Major and minor bone grafting

Over a period of time, the jawbone associated with missing teeth atrophies or is reabsorbed. This often leaves a condition in which there is poor quality and quantity of bone suitable for placement of dental implants. In these situations, most patients are not candidates for placement of dental implants.

We now have the ability to grow bone where needed. This not only gives us the opportunity to place implants of proper length and width, it also gives us a chance to restore functionality and esthetic appearance. The bone graft procedures are referred to as:

Sinus lift procedure

This procedure involves elevating the sinus membrane and placing the bone graft onto the sinus floor, allowing implants to be placed in the back part of the upper jaw.


In severe cases the ridge has been reabsorbed and a bone graft is placed to increase the ridge height and/or width.

Nerve- repositioning

The inferior alveolar nerve, which gives feeling to the lower lip and chin, may need to be moved in order to make room for placement of dental implants to the lower jaw.

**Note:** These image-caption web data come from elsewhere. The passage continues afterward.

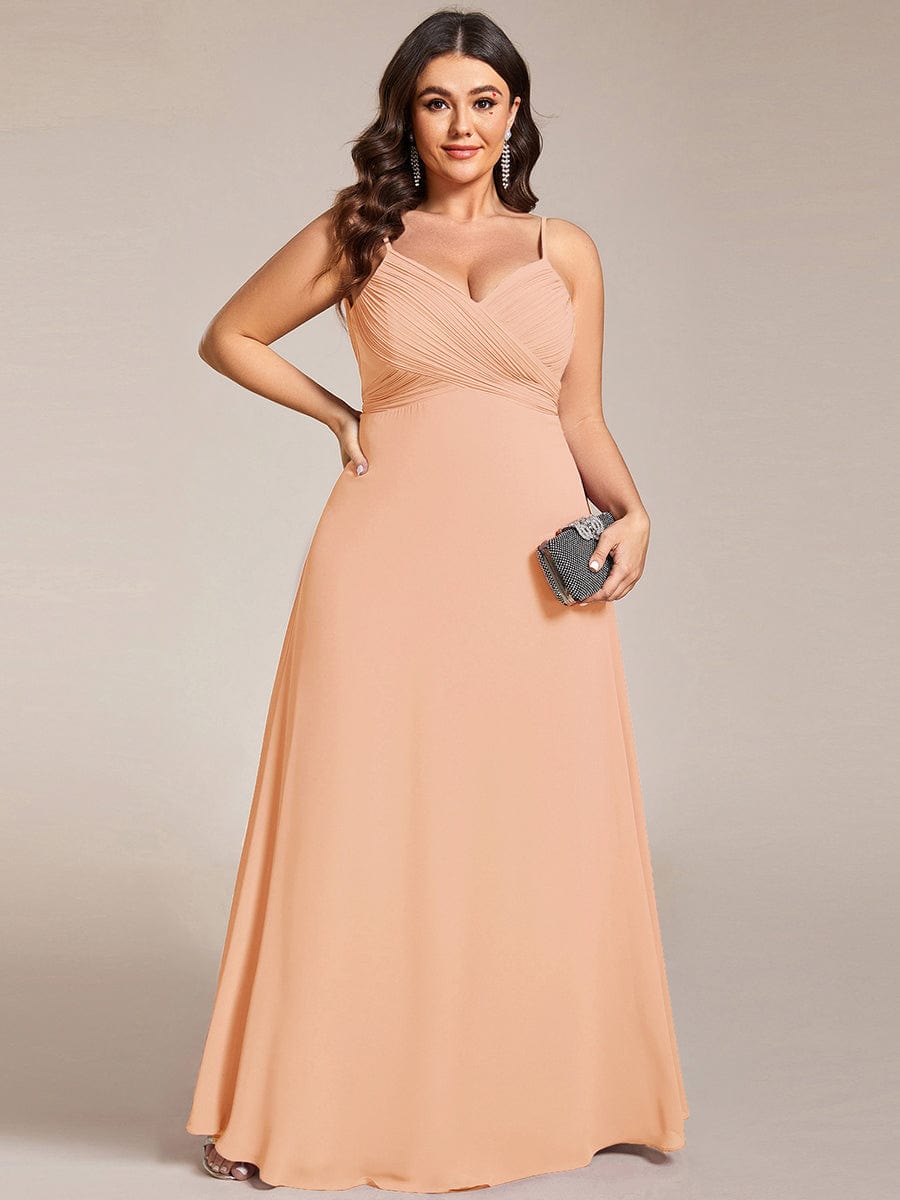 NOVA|Criss-Cross V-Neck Chiffon Backless A-Line Bridesmaid Dress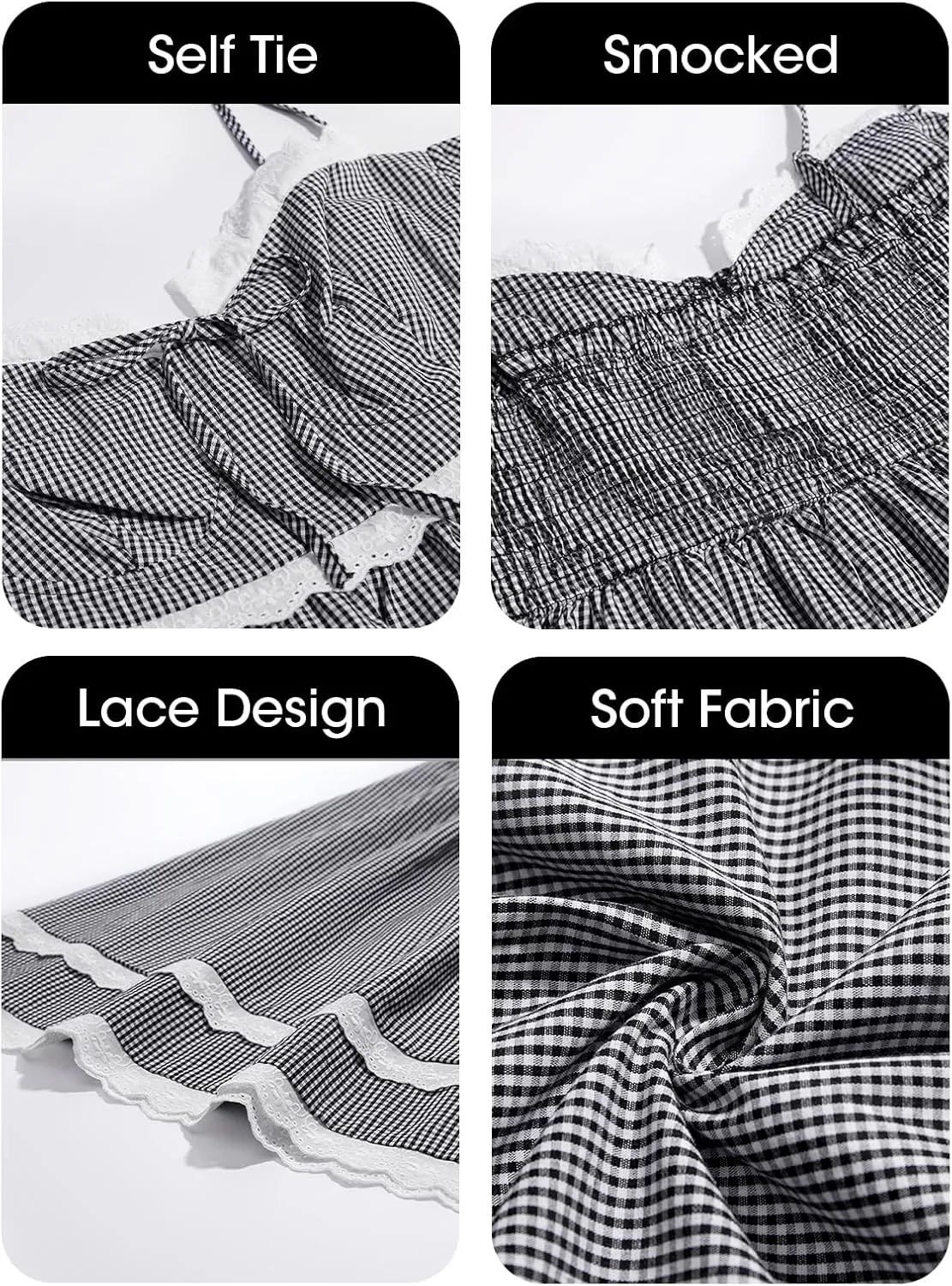Wenrine Womens Summer Mini Dress Spaghetti Strap Sweetheart Y2K Plaid Lace Trim Tiered Beach Sundress Dresses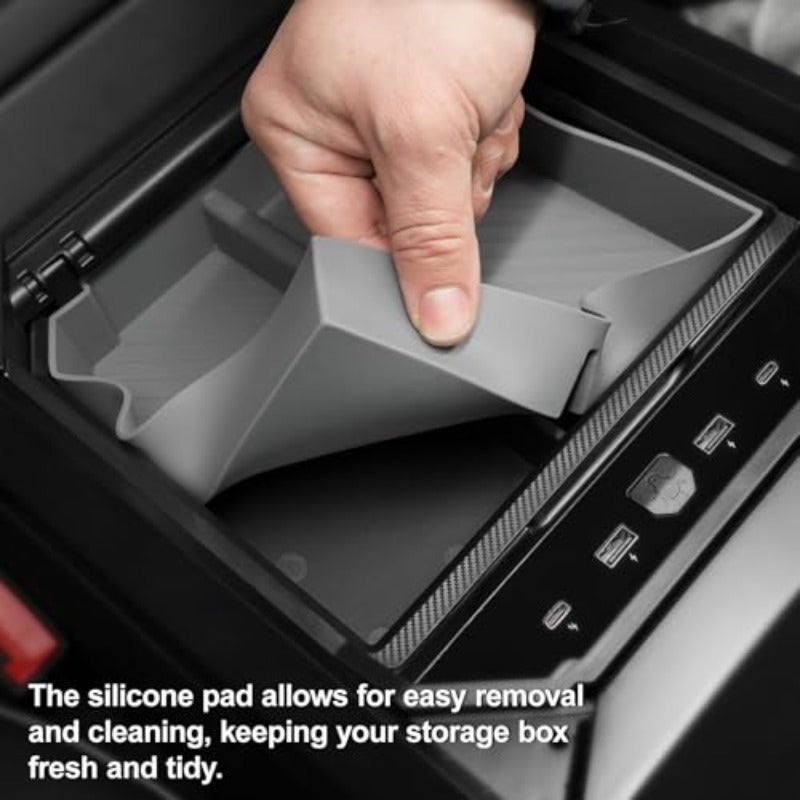 for Tesla Cybertruck Center Console with USB Hub (4-Port Charging: 2 USB-\2 USB-C, 60W Fast Charging), ic & Adjustable, ABS Storage Box - Compatible for Tesla Cybertruck 2024\2025\2026 Models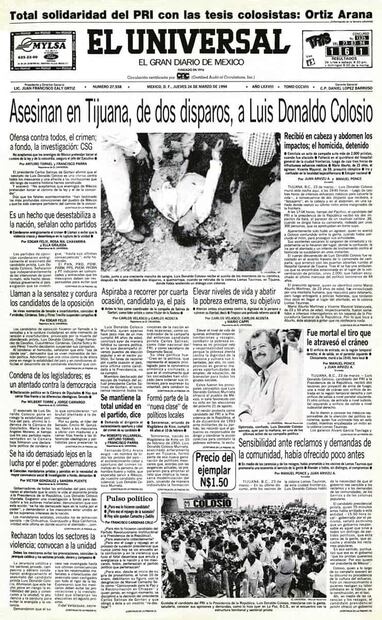 Primera plana del 29 de marzo de 1994, con la noticia del asesinato de Colosio Murrieta en Tijuana, Baja California. Desde ese momento, se tenía como principal responsable a Mario Aburto. Foto: Hemeroteca EL UNIVERSAL.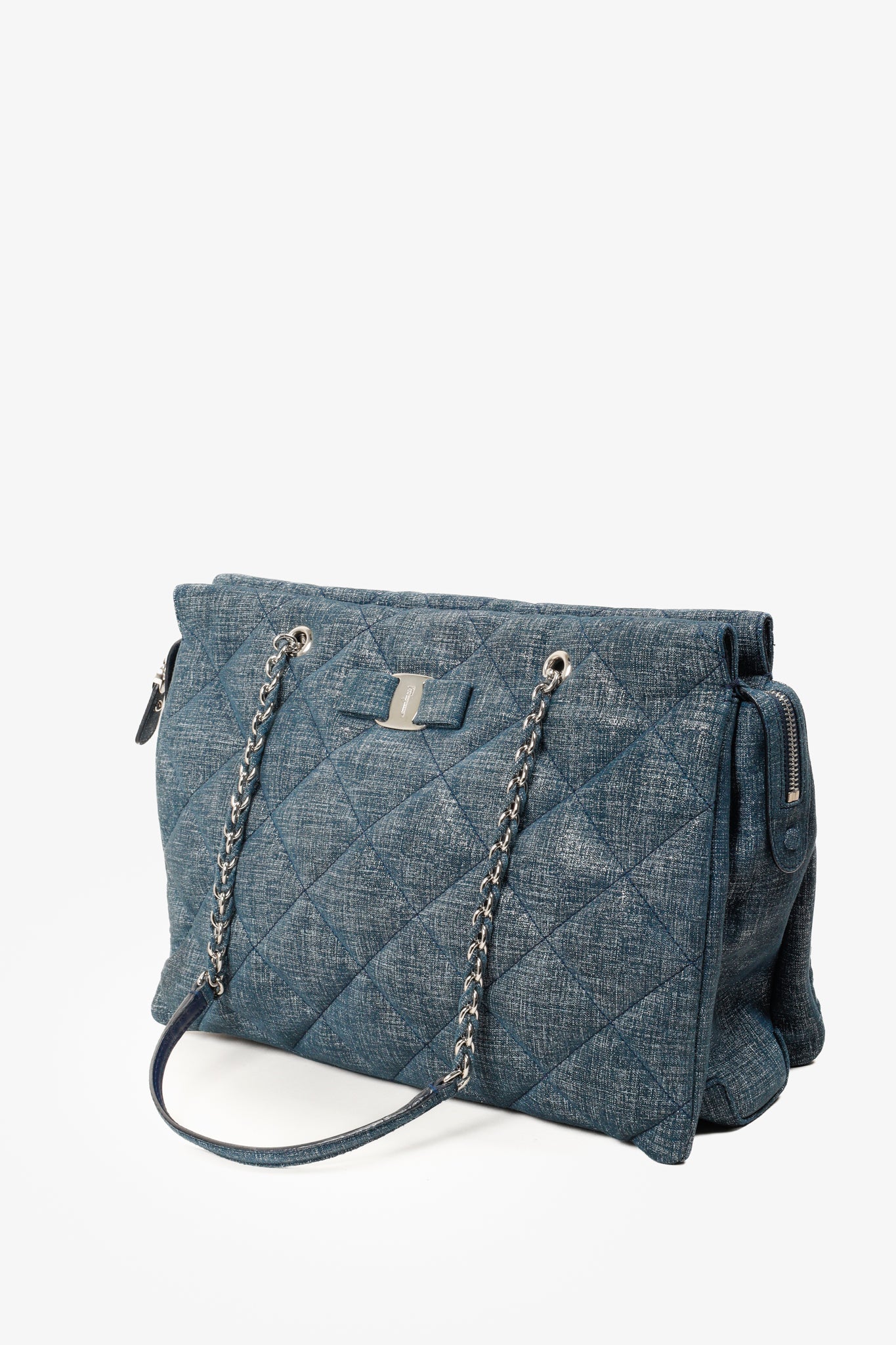 Ferragamo Blue Quilted Ginette Shoulder Bag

These procedures may be performed separately or together, depending upon the individual's condition. There are several areas of the body which are suitable for attaining bone grafts. In the maxillofacial region, bone grafts can be taken from inside the mouth, in the area of the chin or third molar region or in the upper jaw behind the last tooth. In more extensive situations, a greater quantity of bone can be attained from the hip or the outer aspect of the tibia at the knee.

These surgeries are performed in the office surgical suite under IV sedation or general anesthesia. After discharge, bed rest is recommended for one day and limited physical activity for one week.

Distraction Osseogenisis

In certain situations where a bone graft is required, a second surgical site to obtain the bone can be avoided by a technique called Distraction Osseogenisis. Cuts are made in the bone directly at the site requireing a bone graft. A special appliance called a distractor is applied to the segments of cut bone is such a way that it seperates the bone very slowly over time. This allows the patient to grow their own bone in this area as well as soft tissues. The appliance must be removed prior to the placement of implants. The time required for healing prior to placing implants is shortened using distraction osseogenisis. Other bone grafting techniques normally require 4-6 months of healing prior to implant placement. Utilizing distraction osseogenesis, implants may be place in 3 months or less.

Dr. Hargan has training and experience using this advanced technique and offers it as a great alternative to traditional bone grafting in the appropiate situation.